Voy a romper una lanza en favor de Netflix, porque el momento elegido por FOX para cancelar la ficción tras la conclusión de su tercera temporada es, cuanto menos, deleznable. Esta cadena tiene la virtud de mandar a paseo a series que alcanzan un nivel cuanto menos destacado, o que cierran sus entregas con cliffhangers del tamaño de una catedral (como en esta ocasión), y deberían hacérselo mirar. Además, esos dos episodios extra emitidos tras la conclusión de la tercera son, innecesarios, y están completamente desubicados. Por suerte, Netflix le concedió una vida extra que ha sabido aprovechar muy bien. Creo que la mejor entrega es la que tiene en la plataforma streaming, entre otras cosas, por dos razones que han sabido aprovechar muy bien con la última temporada de La Casa de Papel (también repescada de Antena 3): menos episodios y más directos. Sigue habiendo aspectos procedimentales, sí, pero la trama de fondo no da tantas vueltas ni se diluye tanto con el paso de los capítulos como sucedía en FOX. Concentrada, la trama de la cuarta ha dado mejores resultados y aunque sus episodios duren un pelín más que en su cadena de origen, son más satisfactorios y entretenidos, porque aúnan la base procedimental y la trama principal mucho mejor.

El año que viene nos despediremos de Lucifer en Netflix, y han anunciado que tendrá 16 episodios, seis más que los que hemos disfrutado en esta cuarta.
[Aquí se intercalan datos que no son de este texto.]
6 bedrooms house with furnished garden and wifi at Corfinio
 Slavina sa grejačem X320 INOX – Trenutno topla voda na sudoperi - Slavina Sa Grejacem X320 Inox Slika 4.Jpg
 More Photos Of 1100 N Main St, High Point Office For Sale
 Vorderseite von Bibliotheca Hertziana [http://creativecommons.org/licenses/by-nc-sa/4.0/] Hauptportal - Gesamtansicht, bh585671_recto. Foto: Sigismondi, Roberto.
No sé si eso es mejor o peor, pero confío en que, aunque mantengan lo procedimental, centren sus esfuerzos en desarrollar más que nada la trama principal y le den un final a la altura, que no hayan sido en balde estos dos años en Netflix. Si queréis una serie fácil de ver, sin pretensiones, entretenida, con un gran protagonista, y que sirva de «vaciacocos» a la perfección, Lucifer es vuestra serie.